• **AIM OF THE TASK**: Using the listing below, copy exactly each line from the one that has "Caputo dijo que" through the one that has "2013 Subaru Legacy 2.5I - zdjęcie 2"; omit the pictures.

• **AVAILABLE DATA**:
*** Begin section ***
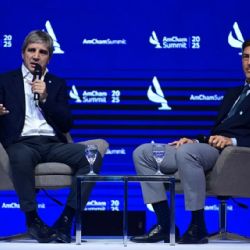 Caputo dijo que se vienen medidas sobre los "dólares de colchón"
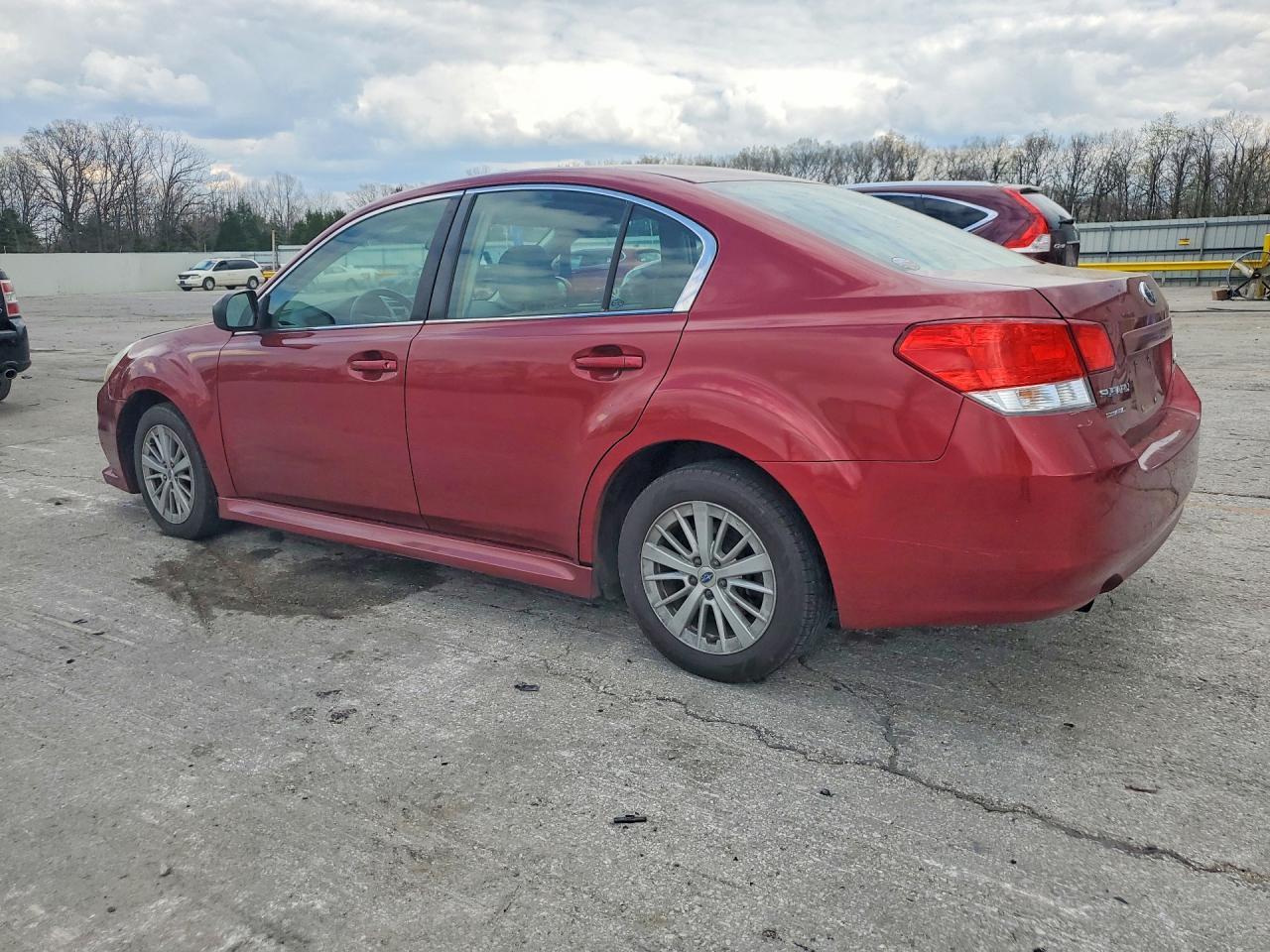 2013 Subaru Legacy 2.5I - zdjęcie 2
*** End section ***
*** Begin section ***
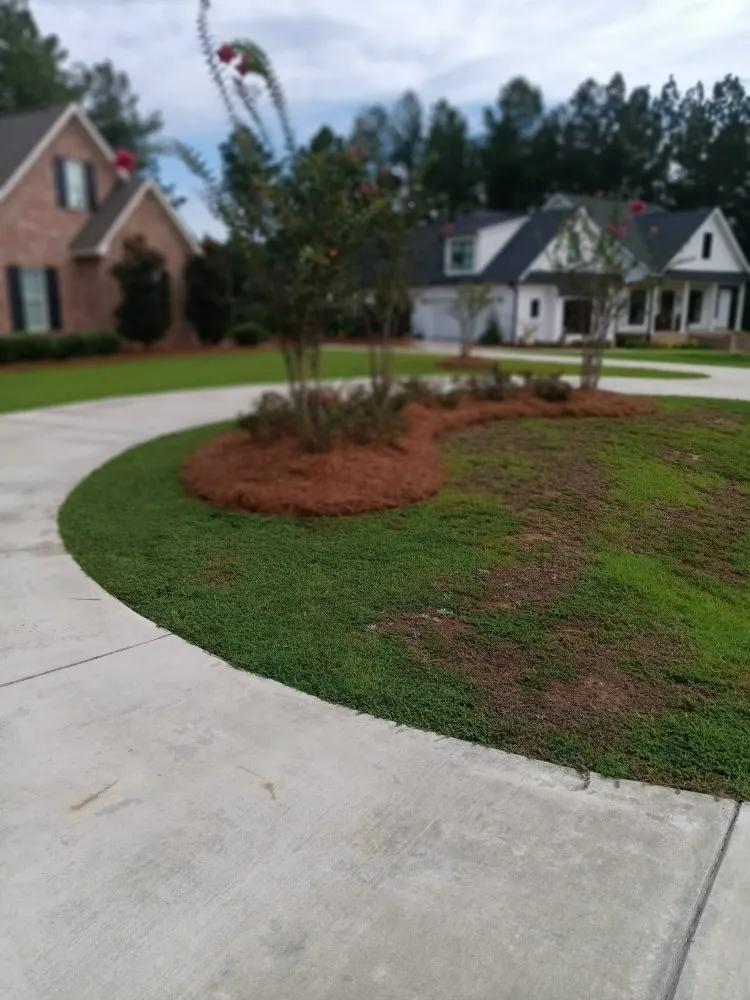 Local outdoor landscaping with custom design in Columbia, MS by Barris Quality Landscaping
*** End section ***
• **TASK RESPONSE**:
 Caputo dijo que se vienen medidas sobre los "dólares de colchón"
 2013 Subaru Legacy 2.5I - zdjęcie 2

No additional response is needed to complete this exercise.